Stream partitioned data from Firestore using Async Iterators in Node.js

Updated
February 26, 2021

As our data grew, one daily report started failing in Cloud Functions because we were pulling everything from Firestore at once and holding it all in memory.

  • Cloud Functions have tight limits on runtime and memory — so “load it all, then write it out” stopped scaling.
  • We switched to a streaming approach: fetch Firestore results in pages, process each page, and write continuously instead of buffering everything.
  • We used an async generator to yield paginated Firestore queries (using orderBy + startAfter + limit), so we only retrieve the next page once the previous one is handled.
  • We wrapped the generator with Readable.from() and used stream.pipeline() to connect read → transforms → GCS write stream with proper cleanup and error propagation.
  • The result: the same report runs reliably again, without timeouts or memory blow-ups, and the pattern is reusable anywhere we need to export large datasets.

As we’re welcoming more and more clients onto our platform, the amount of data that we need to deal with is increasing steeply as well. Now it doesn’t matter how much thought you’ve put into it, how many books you’ve read on designing scalable systems, or even if you use that latest technology whose promise is to offer you infinite and unlimited resources, a rapid increase in customer growth will more than likely bring about unexpected issues in unexpected places.

Software engineering is a war you’re waging against the unexpected, and it always comes a time when that tiny soldier process which has been so loyal to you, doing its job silently in the background, no fuss, just plain efficacy, suddenly doesn’t have the muscles to keep going and to resist that ever growing army of data coming at it. Now you have no choice left, you must throw yourself into battle and fight for its rescue.

Now I ain’t no Steven Spielberg, so this isn’t gonna be as thrilling as Saving Private Ryan, but I’ll do my best to make this blog post as useful as it can be, by going over how we rescued one of our soldier processes last week at Freetrade, and how a somewhat less-known feature of Node.js helped us do it in a quite fun and easy manner.

The problem

As a regulated financial institution, there are a lot of different reports that we need to generate each day to satisfy both the regulator and ourselves that your cash and shares are well taken care of. Part of the data that will populate those reports is pulled from our Firestore database, before being processed inside Google cloud functions.

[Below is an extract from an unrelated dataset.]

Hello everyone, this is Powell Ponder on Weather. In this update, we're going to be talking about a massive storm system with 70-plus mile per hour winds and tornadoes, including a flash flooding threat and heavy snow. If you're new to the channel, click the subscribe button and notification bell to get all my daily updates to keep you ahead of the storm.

This bears two important restrictions:

  1. Firestore’s query capabilities are not as powerful as what you’d find on a traditional SQL db for instance.
  2. Cloud functions can only run for a limited amount of time, and on limited memory.

Now last week, we had one such report that had been generating perfectly for months, but suddenly started failing, with either the cloud function timing out or running out of memory. Turns out we were pulling all the data from Firestore at once, then keeping that data in memory before dumping it into a file. Even though it seems obvious now, we’d never imagined the amount of data for that report would grow so large so fast, up until the point where having it all in memory was not an option anymore, but now we had no choice, we needed a streaming solution...

Streaming in Node.js

Streaming in Node.js is out of the scope of this blog post, and I’d probably be making a fool of myself were I to try and explain it to you in detail. This is why we’ll just stick to the few general concepts that will be useful for us to know in the realm of this article. As software engineers we’re taught not to reinvent the wheel, so I’ll also be, shamelessly, pulling definitions from the Node.js official documentation.

Stream

A stream is an abstract interface for working with streaming data in Node.js. The stream module provides an API for implementing the stream interface.

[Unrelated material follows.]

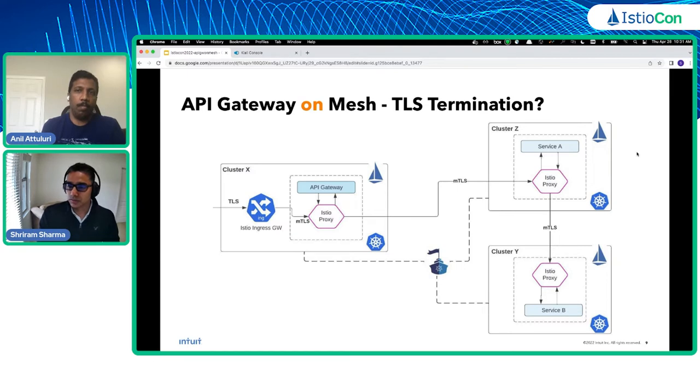One approach was to install an Istio ingress gateway in front of the API Gateway to do TLS termination. It comes out of the box with Istio, is well-documented, and has been deployed in many production environments. However, for our use case, having another gateway in front seemed like overkill, it adds an extra hop, and it would require migrating all existing DNS entries from the API Gateway to the ingress gateway — all things we wanted to avoid.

Streams can be readable, writable, or both. All streams are instances of EventEmitter.

For more information, or to simply refresh your memory on how stream works in Node.js, please refer to: https://nodejs.org/api/stream.html#stream_stream

Pipeline

A convenient way to “pipe” multiple streams together (the output of a stream is fed as input to the next one), is to use the stream.pipeline method provided by Node.js.

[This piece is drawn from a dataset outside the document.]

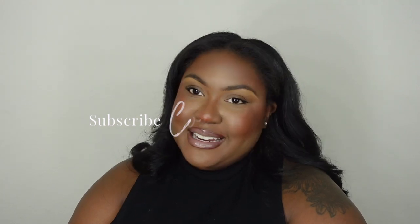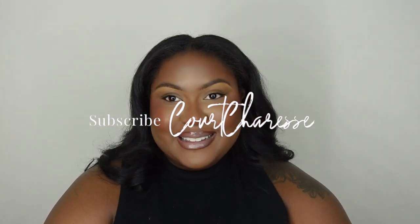Hey guys, welcome to my channel. For those of you who are new here, I am Courtney Sharice. Welcome! And to my returning viewers, welcome back! As you can all tell by the title, we are here for a luxury bag review, and I'm super excited about this.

Or as the official documentation describes it: “A module method to pipe between streams and generators forwarding errors and properly cleaning up and provide a callback when the pipeline is complete.”

Using streams and stream.pipeline in Node.js to compress an existing file will therefore look something like this:


pipeline(
  fs.createReadStream('archive.tar'),
  zlib.createGzip(),
  fs.createWriteStream('archive.tar.gz')
);

Async Generators

Unlike traditional generators (https://developer.mozilla.org/en-US/docs/Web/JavaScript/Reference/Global_Objects/Generator), async generators allow you to create async iterables, which can be used to iterate over data from an API, or any resource whose result needs to be wrapped inside a promise.

One way you can iterate over async iterable objects is to use the for await...of syntax:


for await (variable of iterable) {
  statement
}

Example

This is a very simple example of how you can create and consume a async generator in Node.js:


function* generator() {
  yield Promise.resolve(1);
  yield Promise.resolve(2);
  yield Promise.resolve(3);
}

(async function() {
  for await (let num of generator()) {
    console.log(num);
  }
})();
// 1
// 2
// 3



Now what makes it really interesting for us, is that only one yield statement gets executed by iteration: In this case Promise.resolve(3) is only going to be executed on the third iteration. This in turn gives us more control on how often we decide to fetch paginated resources, allowing us to create patterns such as this one:


function* generator() {
    for (let i = 0; i < numberOfPages; i++) {
        const pageNumber = i
        yield retrievePaginatedData(pageNumber)
    }   
}

for await (const page of generator) {
    process(page)
}

In which case we will only retrieve the content of page 2 once we’ve fully processed page 1. Effectively we are now streaming data, which is why async generators, and generators in general, are in fact one implementation of Node.js’ stream interface, and one way for us to create Readable streams that can be piped, transformed and written using the same stream.pipeline function we mentioned earlier.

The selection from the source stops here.